Then for every  $R$ such that $B_{2R}\subset\Omega$,
there exists a constant
$C=C(q, q', R^{1-\frac{2}{q'}}\|c\|_{L^{q'}}$,
$R^{2-\frac{2}{q}}\|d\|_{L^{q}} )$ such that
\[
\sup_{B_{R}}    u\leq C(\inf_{B_{R}} u+R^{2-\frac{2}{q}}\|f\|_{L^{q}}).
\]
\end{lemma}

Note that this lemma is of Harnack type; see \cite{Serrin} for more
information on this type of inequalities.
The next theorem is similar to \cite[Theorem 2.3]{Ruiz}.

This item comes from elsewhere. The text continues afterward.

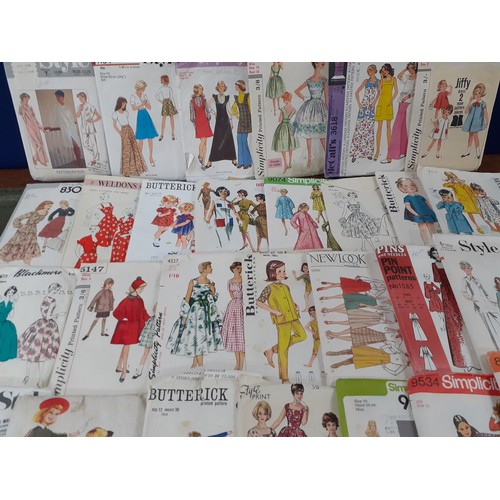 147 - A quantity of 1960's -1980's sewing patterns to include Simplicity, McCalls, Butterick and Style tog...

\begin{theorem} \label{thm2.2}
Let {\rm (D)}  hold and  $R\leq R_0$ such that $B_{2R}\subset\Omega$.
Suppose $u(r,x_n)$ is a positive weak solution of the inequality
\[
u^{p}-M|\nabla u|^{\tau}+\frac{n-2}{r}u_{r}\leq
-(u_{rr}+u_{x_nx_n})\leq c_0u^{p}+M|\nabla
u|^{\tau}+\frac{n-2}{r}u_{r}+\lambda,\label{e2.6}
\]
where $p>1$, $0<\tau<\frac{2p}{p+1}$, $\lambda>0$.  Then there
exists a constant $C=C(p, \tau, R_0, M)$ such that
\[
\sup_{B_{R}}  u\leq C(\inf_{B_{R}}   u+\lambda R^2).
\]
\end{theorem}

\begin{proof} From \eqref{e2.6}, we obtain
\[
|u_{rr}+u_{x_nx_n}|\leq c_0u^{p}+M|\nabla
u|^{\tau}+\frac{n-2}{r}|\nabla u|+\lambda.
\]
Take $f=\lambda$, $c=M|\nabla u|^{\tau-1}+\frac{n-2}{r}$ and
$d=c_0u^{p-1}$. To prove this theorem, we only need to verify that
\[
c(x)\in L^{q'}(B_{2R}), \quad d\in L^{q}(B_{2R}).
\]
Note that $\frac{n-2}{r}$ obviously belongs to $ L^{q'}(B_{2R})$,
so we only need to prove $M|\nabla u|^{\tau-1}\in L^{q'}(B_{2R})$.
By lemma 2.1, we have
\[
\|M|\nabla u|^{\tau-1}\|_{L^{q'}}=M\Big(\int_{B_{(2R)}}|\nabla
u|^{\mu}\Big)^{1/q'}\leq CR^{\frac{2-(p+1)\mu/(p-1)}{q'}},
\]
where $\mu=q'(\tau-1)$ should satisfy $q'(\tau-1)<\frac{2p}{p+1}$
for some $q'>2$. Since $\tau<\frac{2p}{p+1}$ and $q'>2$ can be close
enough to $2$, so we just need to verify
\[
2\big(\frac{2p}{p+1}-1\big)<\frac{2p}{p+1}.
\]
The above inequality is obvious, that is to say,
$c(x)\in L^{q'}(B_{2R})$.

For $d=c_0u^{p-1}$,  by lemma 2.1 we have
\[
\|d\|_{L^{q}(B_{2R})}=c_0\Big(\int_{B_{(2R)}}u^{\gamma}\Big)^{1/q}\leq
CR^{(2-2q)/q},
\]
where $\gamma=(p-1)q$ should satisfy $(p-1)q<p$. By choosing $q>1$
close enough to $1$, we can get  $(p-1)q<p$, that is, $d\in
L^{q}(B_{2R})$. The proof is complete.
\end{proof}

For  completeness, we sketch the proof of Theorem \ref{thm2.1} which is
similar as the proof of \cite[Proposition 3.3]{Ruiz}.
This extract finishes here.